Based on clinical trials, the 2021 ESC guidelines recommend dapagliflozin (DAPA‑HF) or
empagliflozin (EMPEROR‑Reduced trial), in addition to GDMT with an ACEi/ARNI, a beta‑blocker
and an MRA, for patients with HFrEF regardless of diabetes status.[14]
Diuretics
Loop diuretics (e.g. torsemide and furosemide) are recommended to reduce the signs and/or
symptoms of congestion in patients with HFrEF.[14] Diuretic resistance, defined as an
inadequate quantity of natriuresis despite an Journal of the Practice of Cardiovascular
Sciences ¦ Volume 9 ¦ Issue 1 ¦ January-April 2023 5 adequate diuretic regimen, is a major
clinical challenge that generally portends a poor prognosis.
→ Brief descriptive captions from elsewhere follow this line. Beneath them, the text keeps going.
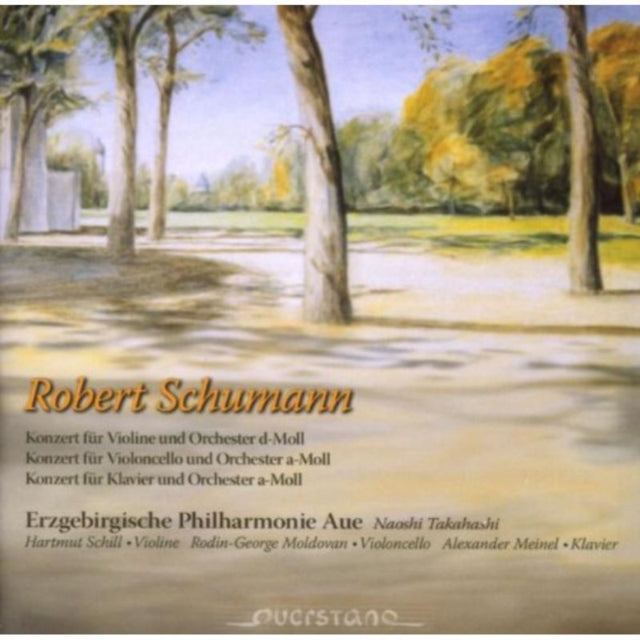 Robert Schumann: Konzert Fur Violine Und Orchester D-moll/...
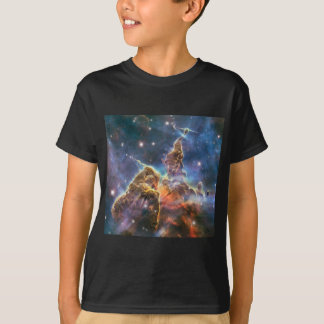 T-shirt Nébuleuse d'espace lointain d'image de Hubble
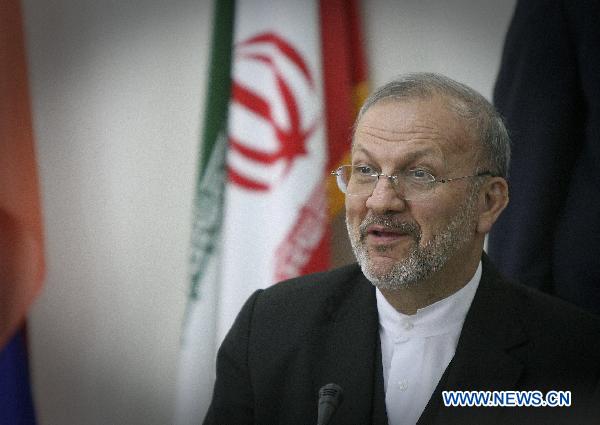 Iran's FM dismissed by Ahmadinejad: report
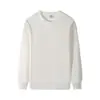 Sudadera Pulóver Redonda Oversize Estilo High Street Americano para Hombres y Mujeres 2026 Primavera/Otoño Nuevo Estilo Color Sólido Versátil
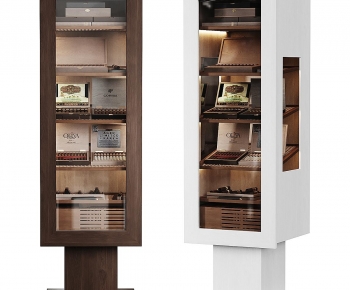 Modern Decorative Cabinet-ID:789340026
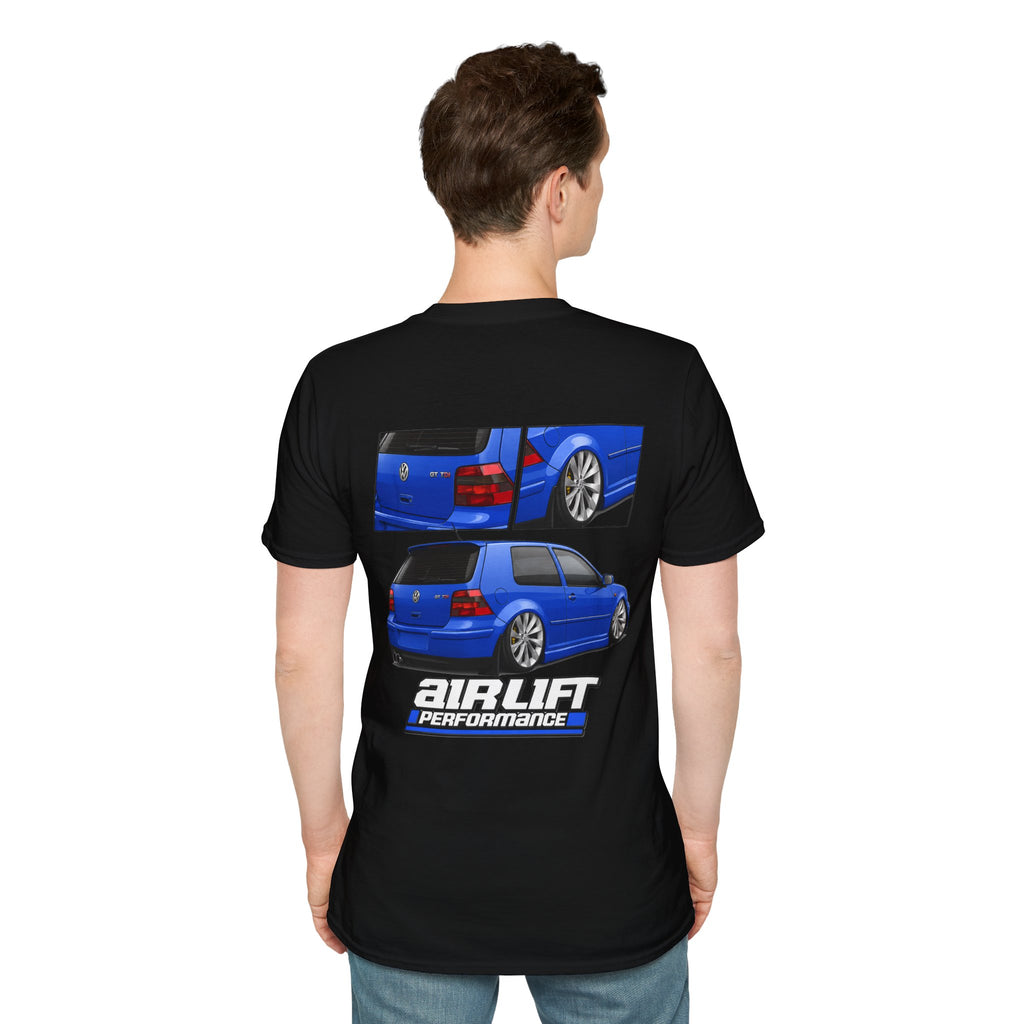 BAGGED JAZZ BLUE MK4 T-SHIRT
Furthermore, robust clinical trial
evidence to guide the use of diuretics is sparse.[22]
Newer agents – Soluble guanylate cyclase stimulators
Newer treatment options are warranted in patients for whom rehospitalization or urgent
outpatient treatment for HF is warranted despite the use of GDMT. On the basis of the
VICTORIA trial, vericiguat is the only treatment that is specifically recognized for WHF
in recent guidelines for HFrEF. Vericiguat, a novel oral soluble guanylate cyclase
stimulator (sGCS), emerged as a promising and disease‑modifying therapy for WHF.
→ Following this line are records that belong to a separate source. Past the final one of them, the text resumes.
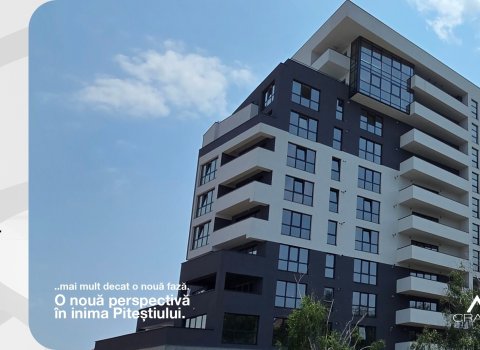 2 Camere Finisaje Premium | Incalzire in pardoseala | Pitesti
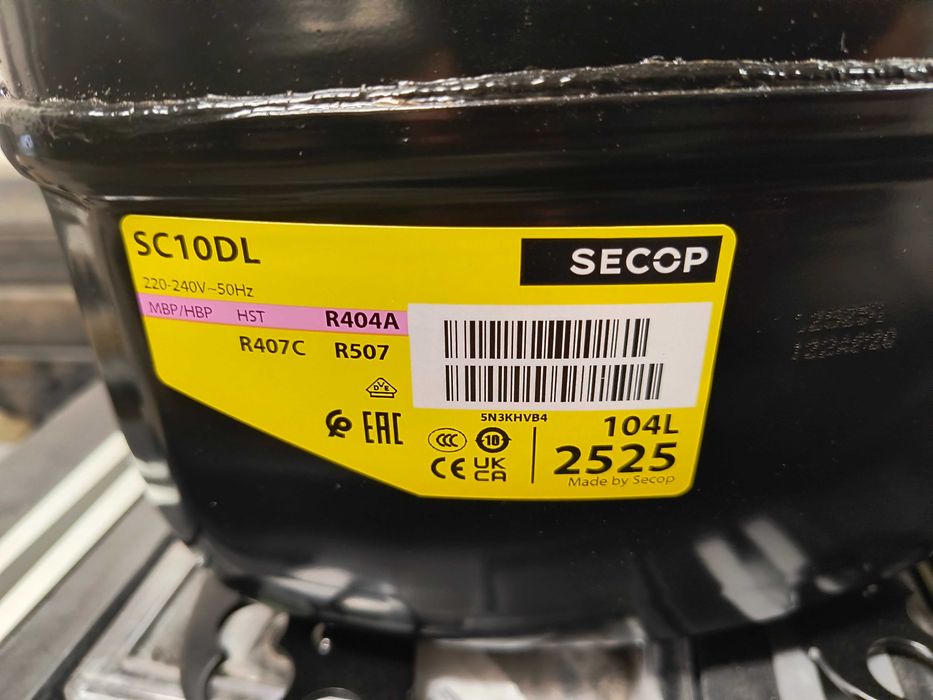 Spręzarka Secop SC10DL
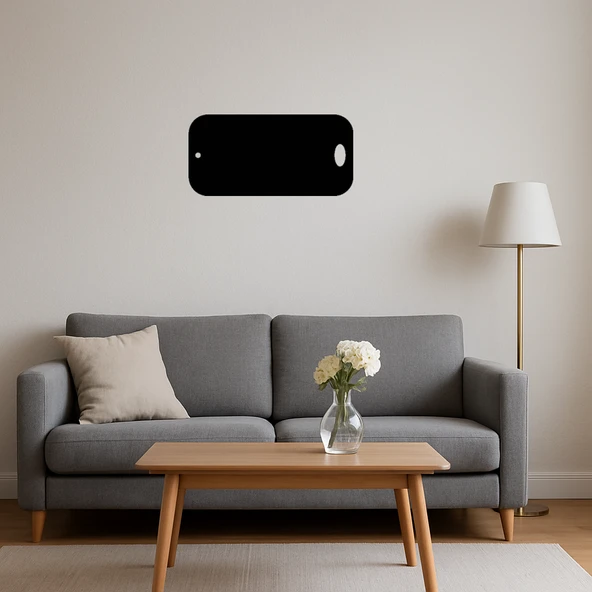 Modern Desenli Dekoratif Sunum Panosu - Resim 4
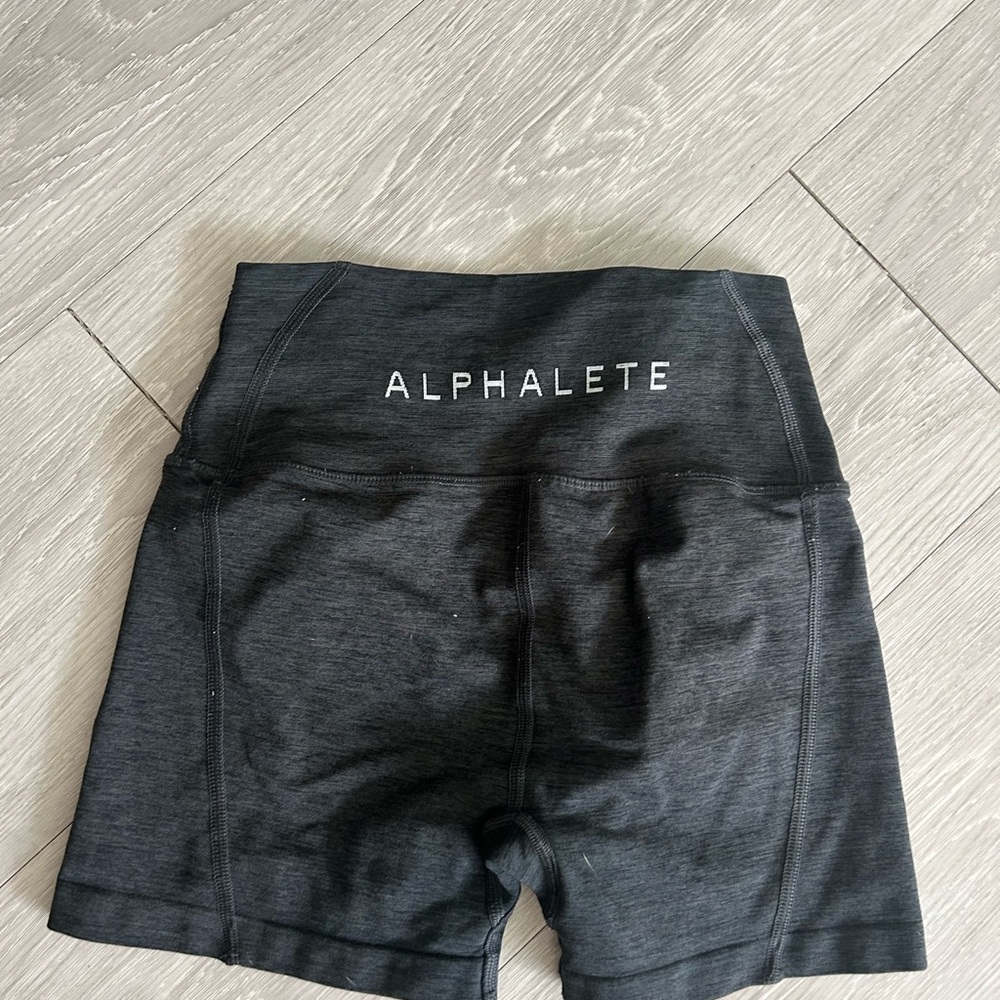 Alphalete Women's Black Shorts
Vericiguat enhances the cyclic guanosine monophosphate (GMP) pathway by directly
stimulating soluble guanylate cyclase (sGC) through a binding site independent of nitric
oxide, and it sensitizes sGC to endogenous nitric oxide by stabilizing nitric oxide
binding to the binding site.[23] The nitric oxide‑sGC‑cyclic GMP pathway is important in
the development and progression of HF. Vericiguat is the first oral sGCS approved by
the FDA in January 2021. Vericiguat is indicated for reducing the risk of CV death and
hospitalization for HF in adults with symptomatic chronic HF and an ejection fraction of
< 45% who have been recently hospitalized for HF or required outpatient intravenous
(IV) diuretics. The recommended starting dose of vericiguat is 2.5 mg orally once daily
with food which is to be doubled approximately every 2 weeks to reach the target
maintenance dose of 10 mg once daily, as tolerated by the patient. No other disease‑
modifying HF drugs act on this pathway.[24‑26] The VICTORIA study evaluated the
efficacy and safety of vericiguat in patients with HFrEF and recent WHF event.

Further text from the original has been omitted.